Now a treasure trove unearthed from trenches near Dos has been put on display for the first time.

Among the finds, pieces of pipe which could have belonged to the fabled Lost Plumber of Poetovio who was rumoured to have existed perhaps nine centuries ago, better make it eleven. 

Izgublil Vodovodar, as he is known locally, became a local legend when he went off for more parts only to disappear for the rest of the day and never return.

Pipe fragments, dog-ends and an old beer bottle from the Dos 5 trench point to a connection, although unfortunately you can’t connect that to anything else and nobody knows who does those any more. 

Other artefacts from the earlier Dos 3.3 trench show a civilisation much closer to today’s level than is popularly imagined.

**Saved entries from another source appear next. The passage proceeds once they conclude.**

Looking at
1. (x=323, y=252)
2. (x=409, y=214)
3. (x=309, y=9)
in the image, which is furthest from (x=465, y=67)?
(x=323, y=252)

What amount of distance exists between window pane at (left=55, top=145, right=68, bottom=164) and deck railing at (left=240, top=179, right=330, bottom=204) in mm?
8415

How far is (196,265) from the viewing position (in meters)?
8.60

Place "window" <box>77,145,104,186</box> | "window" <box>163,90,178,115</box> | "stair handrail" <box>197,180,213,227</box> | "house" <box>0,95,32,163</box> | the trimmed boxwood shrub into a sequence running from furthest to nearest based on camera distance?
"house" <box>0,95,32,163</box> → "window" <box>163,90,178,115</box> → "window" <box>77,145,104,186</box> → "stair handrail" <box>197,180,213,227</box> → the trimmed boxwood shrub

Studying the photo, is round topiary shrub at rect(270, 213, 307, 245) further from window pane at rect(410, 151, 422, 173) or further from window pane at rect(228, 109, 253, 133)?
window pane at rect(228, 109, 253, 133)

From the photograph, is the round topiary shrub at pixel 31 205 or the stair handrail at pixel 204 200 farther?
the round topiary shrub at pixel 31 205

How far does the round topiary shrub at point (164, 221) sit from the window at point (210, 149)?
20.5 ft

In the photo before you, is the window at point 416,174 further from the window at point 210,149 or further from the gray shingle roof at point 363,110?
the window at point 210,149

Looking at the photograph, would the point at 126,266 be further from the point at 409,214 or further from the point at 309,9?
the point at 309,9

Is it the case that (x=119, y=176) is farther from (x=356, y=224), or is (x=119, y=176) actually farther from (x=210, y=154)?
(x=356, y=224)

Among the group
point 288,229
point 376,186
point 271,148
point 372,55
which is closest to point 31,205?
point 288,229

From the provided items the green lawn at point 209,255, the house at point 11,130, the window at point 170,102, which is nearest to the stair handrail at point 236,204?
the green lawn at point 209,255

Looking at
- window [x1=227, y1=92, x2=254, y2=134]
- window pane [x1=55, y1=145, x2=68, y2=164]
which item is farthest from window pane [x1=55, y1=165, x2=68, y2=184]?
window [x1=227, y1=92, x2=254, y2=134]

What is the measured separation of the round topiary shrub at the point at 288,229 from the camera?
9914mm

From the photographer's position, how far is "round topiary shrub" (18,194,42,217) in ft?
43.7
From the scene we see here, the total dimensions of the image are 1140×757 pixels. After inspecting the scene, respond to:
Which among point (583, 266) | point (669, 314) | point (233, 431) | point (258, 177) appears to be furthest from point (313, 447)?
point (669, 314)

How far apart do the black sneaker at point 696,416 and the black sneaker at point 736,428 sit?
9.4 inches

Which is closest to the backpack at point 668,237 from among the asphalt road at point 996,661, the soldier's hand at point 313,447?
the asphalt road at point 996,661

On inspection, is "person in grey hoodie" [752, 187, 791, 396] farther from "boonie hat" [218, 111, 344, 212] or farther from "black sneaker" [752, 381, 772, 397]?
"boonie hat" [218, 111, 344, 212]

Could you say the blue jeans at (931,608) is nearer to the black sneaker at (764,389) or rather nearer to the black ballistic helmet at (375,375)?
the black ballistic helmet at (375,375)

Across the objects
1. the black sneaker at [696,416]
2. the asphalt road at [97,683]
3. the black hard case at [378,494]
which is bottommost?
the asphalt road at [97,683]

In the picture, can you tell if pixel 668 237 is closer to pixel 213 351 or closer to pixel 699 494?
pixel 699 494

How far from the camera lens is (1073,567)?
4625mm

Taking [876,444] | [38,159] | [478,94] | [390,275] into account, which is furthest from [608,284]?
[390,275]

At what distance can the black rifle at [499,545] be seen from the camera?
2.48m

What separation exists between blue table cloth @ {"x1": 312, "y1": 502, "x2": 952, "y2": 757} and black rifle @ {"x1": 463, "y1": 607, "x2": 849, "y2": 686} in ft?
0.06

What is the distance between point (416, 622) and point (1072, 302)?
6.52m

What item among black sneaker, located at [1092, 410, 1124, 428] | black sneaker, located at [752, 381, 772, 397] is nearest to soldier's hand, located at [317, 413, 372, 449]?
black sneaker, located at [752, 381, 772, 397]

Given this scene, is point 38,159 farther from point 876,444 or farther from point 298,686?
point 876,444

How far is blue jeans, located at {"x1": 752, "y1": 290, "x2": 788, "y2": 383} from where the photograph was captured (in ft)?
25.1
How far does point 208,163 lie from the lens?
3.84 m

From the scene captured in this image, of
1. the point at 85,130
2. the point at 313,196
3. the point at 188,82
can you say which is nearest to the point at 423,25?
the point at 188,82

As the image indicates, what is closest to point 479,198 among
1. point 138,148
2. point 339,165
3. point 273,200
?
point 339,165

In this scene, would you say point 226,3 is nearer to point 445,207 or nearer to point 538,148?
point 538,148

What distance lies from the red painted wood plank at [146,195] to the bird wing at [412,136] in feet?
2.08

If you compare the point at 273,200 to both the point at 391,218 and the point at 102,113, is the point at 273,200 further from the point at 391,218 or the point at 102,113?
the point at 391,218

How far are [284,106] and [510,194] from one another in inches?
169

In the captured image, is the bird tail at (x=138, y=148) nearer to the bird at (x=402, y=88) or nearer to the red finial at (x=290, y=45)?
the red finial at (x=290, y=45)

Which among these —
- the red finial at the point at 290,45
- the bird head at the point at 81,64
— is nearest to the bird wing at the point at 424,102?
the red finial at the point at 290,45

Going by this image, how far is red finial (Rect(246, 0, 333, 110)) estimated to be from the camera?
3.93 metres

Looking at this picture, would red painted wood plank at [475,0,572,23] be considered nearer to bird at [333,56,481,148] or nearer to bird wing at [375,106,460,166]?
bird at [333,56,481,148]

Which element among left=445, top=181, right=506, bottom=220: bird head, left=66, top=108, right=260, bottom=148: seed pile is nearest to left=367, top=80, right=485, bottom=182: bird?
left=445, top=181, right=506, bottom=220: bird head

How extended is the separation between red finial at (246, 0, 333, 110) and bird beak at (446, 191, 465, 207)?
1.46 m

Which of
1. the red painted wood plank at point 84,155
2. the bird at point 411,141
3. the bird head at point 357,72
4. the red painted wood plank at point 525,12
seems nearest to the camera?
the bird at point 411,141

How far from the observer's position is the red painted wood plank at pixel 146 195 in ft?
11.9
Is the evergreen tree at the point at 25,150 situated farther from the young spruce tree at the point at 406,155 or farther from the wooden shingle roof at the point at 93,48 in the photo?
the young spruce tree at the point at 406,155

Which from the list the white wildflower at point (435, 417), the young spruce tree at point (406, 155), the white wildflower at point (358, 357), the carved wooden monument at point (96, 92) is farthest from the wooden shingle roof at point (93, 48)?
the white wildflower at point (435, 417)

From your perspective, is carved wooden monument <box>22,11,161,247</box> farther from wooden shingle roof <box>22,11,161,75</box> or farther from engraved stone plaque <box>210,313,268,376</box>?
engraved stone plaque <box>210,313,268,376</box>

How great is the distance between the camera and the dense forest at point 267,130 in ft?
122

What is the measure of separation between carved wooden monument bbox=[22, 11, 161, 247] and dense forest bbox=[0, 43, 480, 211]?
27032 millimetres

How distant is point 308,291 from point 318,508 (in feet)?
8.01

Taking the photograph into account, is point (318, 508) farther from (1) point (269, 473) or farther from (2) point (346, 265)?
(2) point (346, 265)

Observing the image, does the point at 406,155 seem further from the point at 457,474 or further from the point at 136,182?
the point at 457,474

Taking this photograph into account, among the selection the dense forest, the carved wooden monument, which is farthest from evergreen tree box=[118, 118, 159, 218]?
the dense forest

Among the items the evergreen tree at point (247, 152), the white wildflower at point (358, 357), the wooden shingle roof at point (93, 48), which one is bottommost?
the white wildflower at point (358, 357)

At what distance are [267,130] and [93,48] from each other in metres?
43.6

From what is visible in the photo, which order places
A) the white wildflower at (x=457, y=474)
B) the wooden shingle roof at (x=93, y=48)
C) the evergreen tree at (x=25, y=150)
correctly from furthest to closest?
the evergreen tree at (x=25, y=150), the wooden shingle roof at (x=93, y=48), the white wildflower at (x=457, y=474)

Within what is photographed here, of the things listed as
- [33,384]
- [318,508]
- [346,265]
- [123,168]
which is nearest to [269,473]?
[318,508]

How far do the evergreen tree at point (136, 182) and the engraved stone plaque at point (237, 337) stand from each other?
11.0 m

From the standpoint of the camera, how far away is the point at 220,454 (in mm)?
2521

Carving a 3D cross-section through an ancient high street, exhibits from Dos 3.3 vary from a piece of fossilised vomit and a ceremonial white belt from the Feluka era, to a delicate papyrus račun recording the purchase of 4 špritzerji in 20 West” to one Damirus Diđejus. 

DDV of IXVIII˘ due to Emperor Hadron Collidus is shown separately.  Experts have been able to date the various Dos trenches down to the exact minute by analysing thousands of računi.

However, Slovenia’s largest known deposit of historical računi was a stratum over 35 metres thick near Linuks. 

Meanwhile archaeology has unexpectedly put Ptuj at the centre of the climate change debate.  Fresh, sweet-smelling air has been found trapped in century-old soil samples, suggesting that prior to 1905 the air did not have its famous character. 

“There appears to have been some discontinuity in atmospheric conditions before 1905 and we are not sure how far back it goes,” says Dr Ivan Glaser of the Glaser Foundation’s Department of Atmoarchaeolopiščanography.  

“It had been assumed Ptuj had continually smelled of brewed-up chicken guts back into prehistory and that of course is what we expected to find.  

“This so-called 1905 fresh-air anomaly may be just a blip – we could dig a bit deeper and find normal Ptuj-flavoured air with all the usual molecules.  We hope to continue looking at this with a grant from a large local business,” he added.

 

The internet does not support the transmission of smells.  However you could visit your nearest rendering plant to see what it smells like.  Click here to support Environmental Non-Tourism and Environmental Non-Investment. Choose any Slovenian business expert to explain that you don't want to go to Ptuj if it smells of chewed-up chicken shit, boiled bones, ground gizzards, broken beaks, fetid feet and lingering litter. Which it does. Click here now to self-select one email address at random and write a brief note explaining that you won't be coming. Everyone in Slovenia will hear about your message within a week.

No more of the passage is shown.